How to Find All Canonical URLs on a Website

Canonical URLs are an important part of SEO if they are implemented correctly. If not, they can become an issue and cause chaos in your site structure.

Today, I’m going to share in detail what canonical URLs are, why they are important, and how to find them on your website to keep them groomed.

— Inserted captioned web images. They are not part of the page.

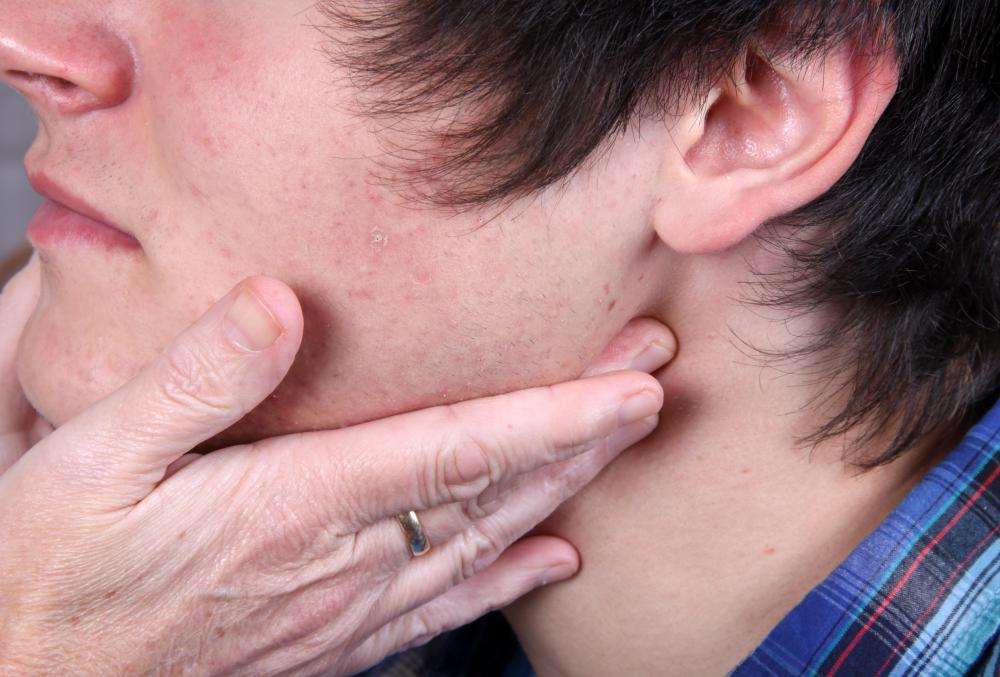 Any concerns about a sexually transmitted disease should only be addressed by a trained medical professional.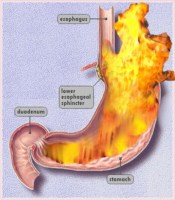CONCEPT OF AGNI IN AYURVEDA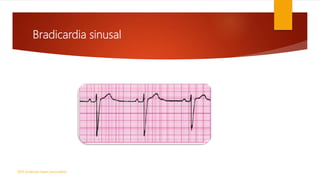 Bradicardia sinusal
2010 American Heart Association
 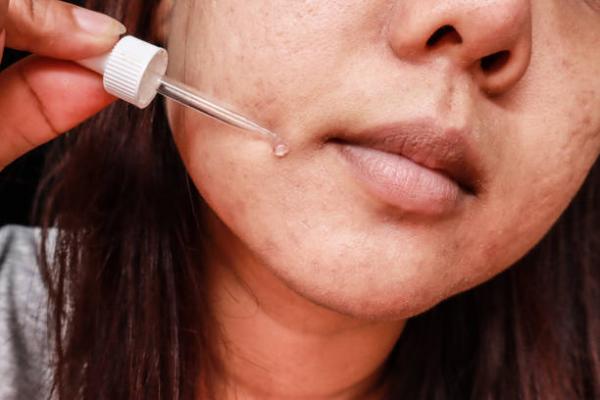 Cómo quitar lo negro del bigote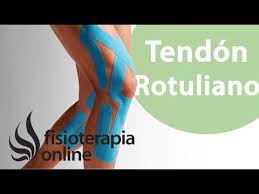 Kinesiostaping En La Tendinopatia Rotuliana Tendinitis Rotuliana Vendaje Neuromuscular Masaje Linfatico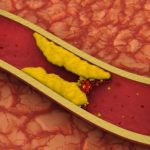 Colesterol: la dieta y el ejercicio tienen efectos distintos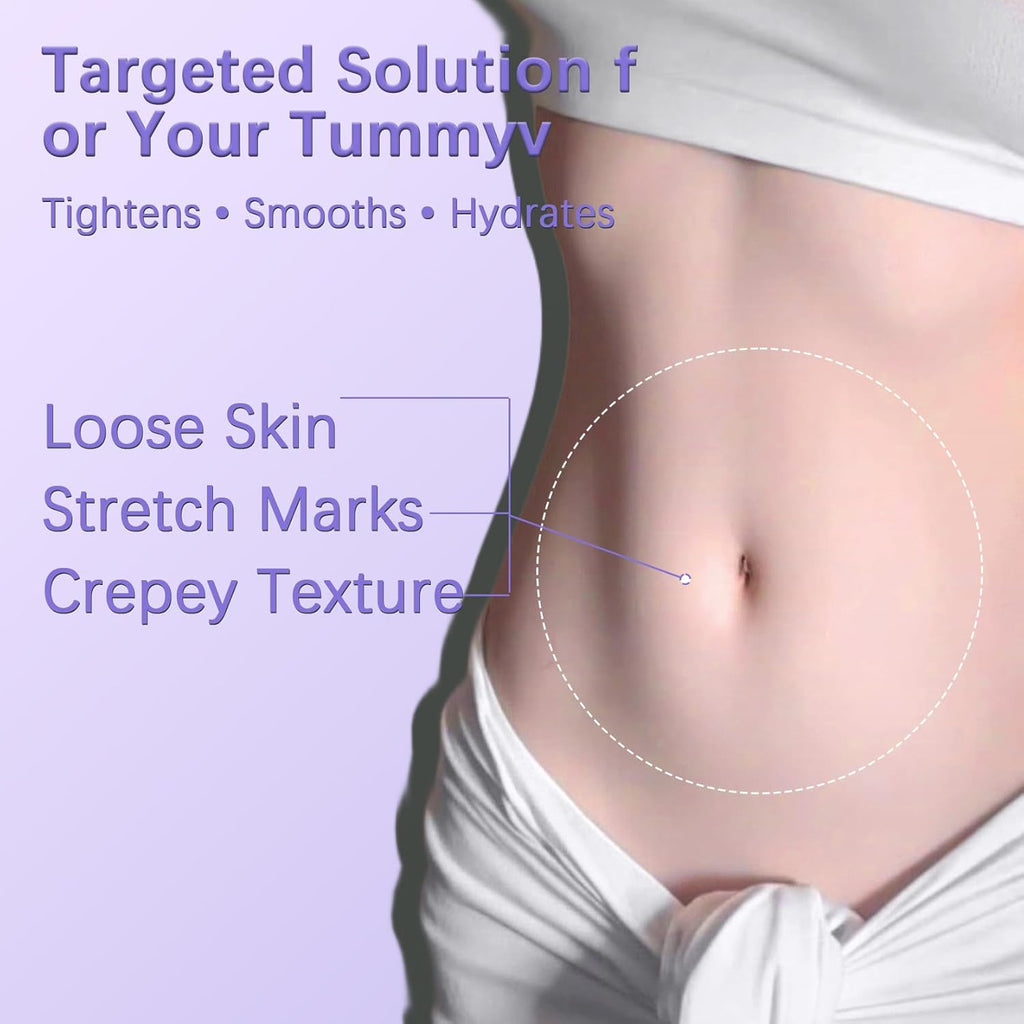 Tighten & Smooth Belly Cream – Firming Body Lotion for Stretch Marks & Sagging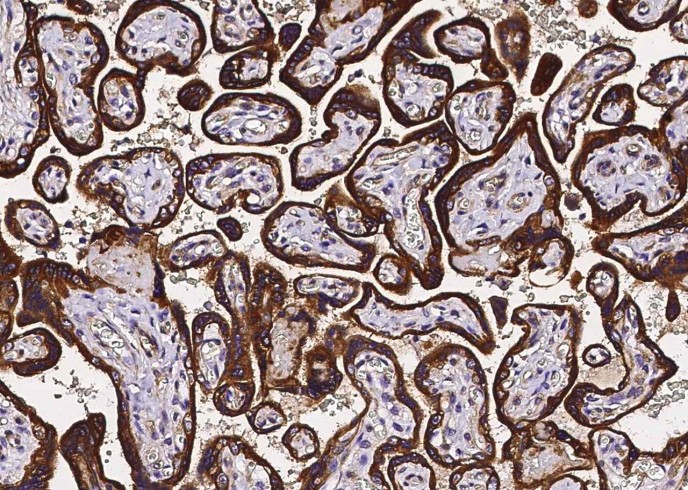 Recombinant TRAIL R4/CD264/TNFRSF10D Monoclonal Antibody-searchlist-1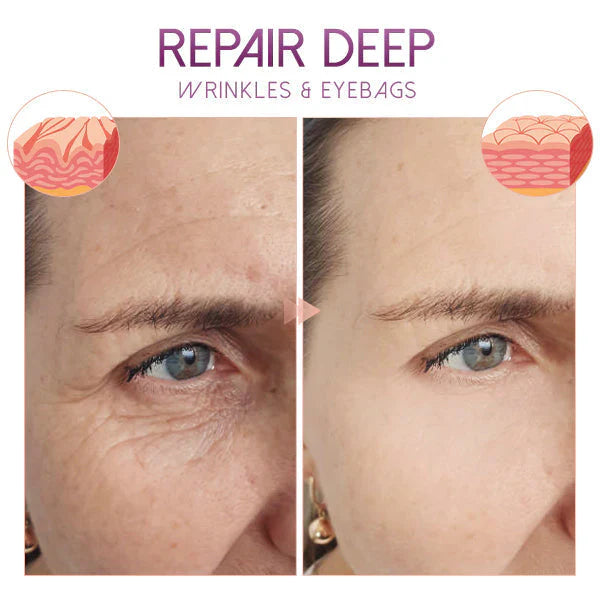 PrettyGlow™- Verjüngen Sie Ihre Augen!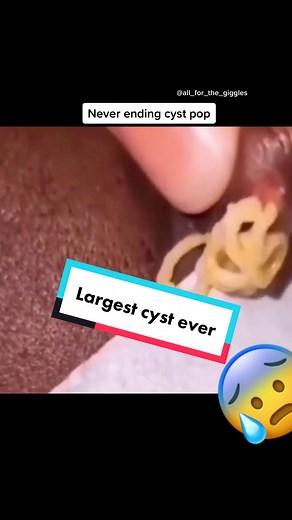 Never wnding cyst extraction. #oddlysatisfying #blackheads #dilatedpore #cystexplosion #blackheadextractions #satisfyingvideo #cheesetax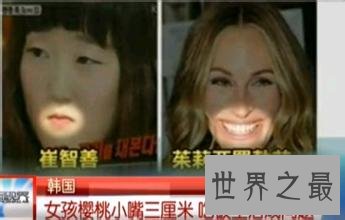 世界上嘴巴最小的人，樱桃小嘴只有3厘米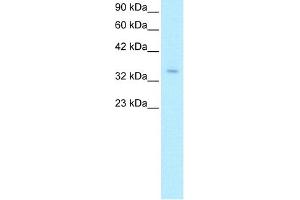 WB Suggested Anti-ZNF391 Antibody Titration:  0. (ZNF391 antibody  (N-Term))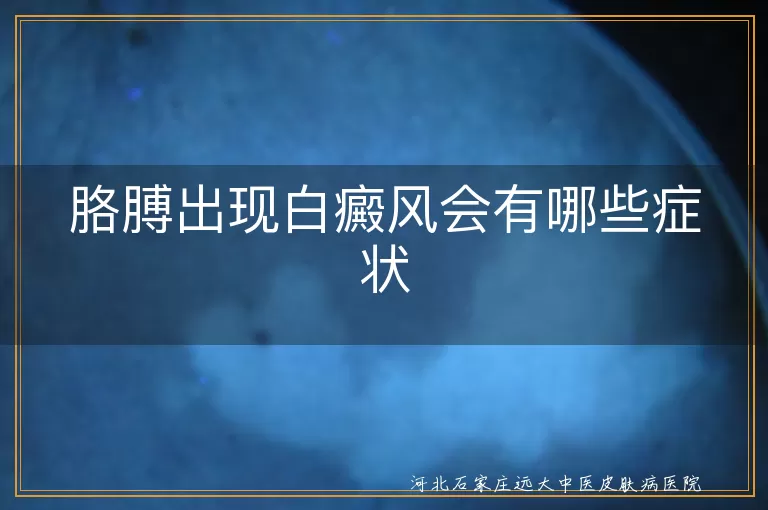胳膊白癜风的症状表现有哪些,手臂出现白斑是什么症状,胳膊上长白癜风有什么表现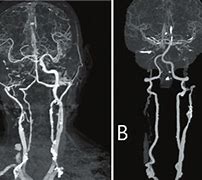 Image result for CT Carotid Angiogram
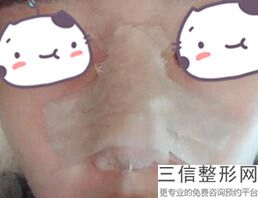 2022年上海侧鼻翼倾斜矫正整容整形医院排行榜！上海市黄浦区中心医院医美3强口碑技术点评！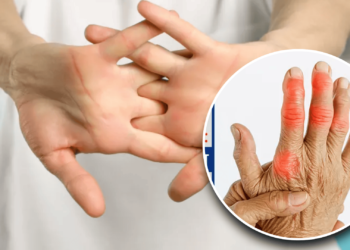 Experts debunk knuckle-cracking myth — studies show no arthritis risk but possible hand strain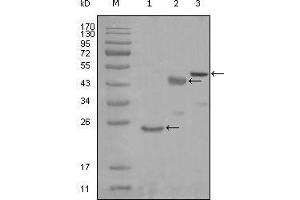 Western blot analysis using KARS mouse mAb against truncated Trx-KARS recombinant protein (1), truncated MBP-KARS (aa90-174) and full length KARS (aa1-188) transfected CHO-K1 cell lysate (3). (KARS antibody  (AA 90-174))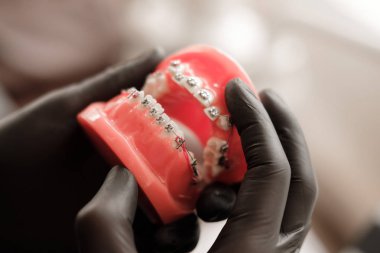 Dentist in black gloves holding Dental casting model human Jaws with braces in prosthetic laboratory. Dentistry, Orthodontics. Close up. selective focus clipart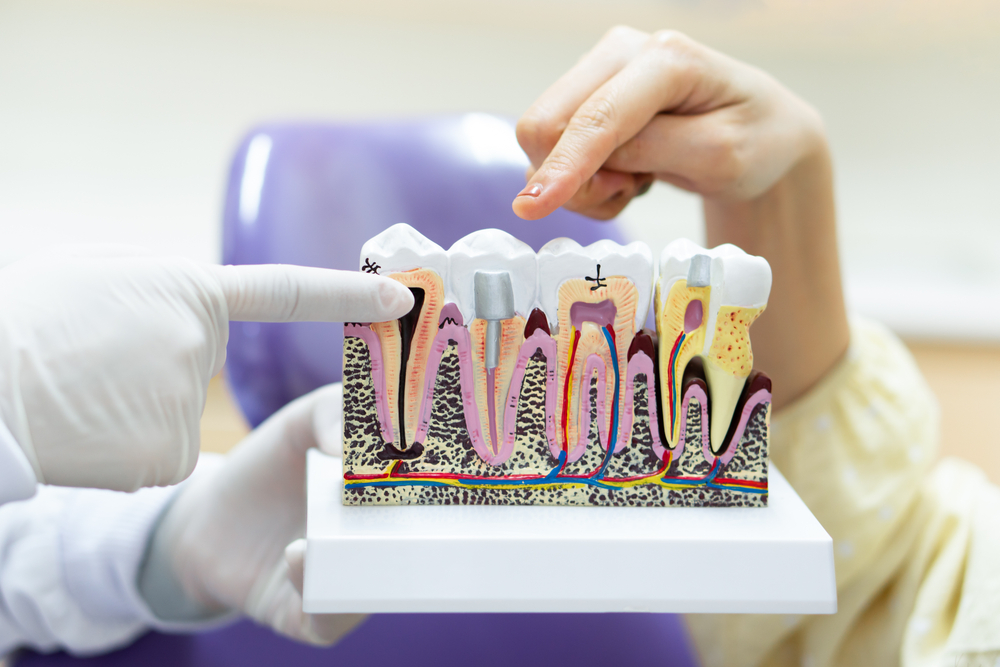 dentist showing tooth model to teach patient to take care of dental health, prevent dental carries and explain treatment option. orthodontics and medical concept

Hey! Watch our new video about canonical tags and how to find them on your site.

What is a canonical URL?

A canonical URL, or a canonical link, is like the "boss" page when you have other pages that are very similar or the same. It is the URL that Google indexes and displays in search results.

What is a canonical tag?

A canonical tag — rel=”canonical” — is an HTML element that is used to define the canonical page. A canonical tag is put in the HTML of a duplicate page to point to the “main” version.

Example

On your site, you have the two following URLs:

  • www.site.com/shoes-with-roses.html (the main version)
  • www.site.com/shoes-with-roses.html?utm_campaign=sale-2023 (the URL with UTM parameters used in a particular campaign)

As the content of these pages is identical, you need to specify which version is preferred for indexation. To do this, you need to add the rel="canonical" tag to the duplicate page’s HTML, like this:

<link rel="canonical" href="www.site.com/shoes-with-roses.html"/>

Why use canonical URLs?

Canonical URLs are necessary to prevent duplicate content issues and, consequently, avoid Google sanctions that may follow. That’s why rel="canonical" is applied to pages with UTM parameters, printed versions, pages with additional filters, dynamic URLs, and language versions.

Canonical URLs and CMS

Duplicate content issues are especially common for ecommerce websites. That’s why many content management systems, automatically canonicalize the “main” page to prevent possible problems.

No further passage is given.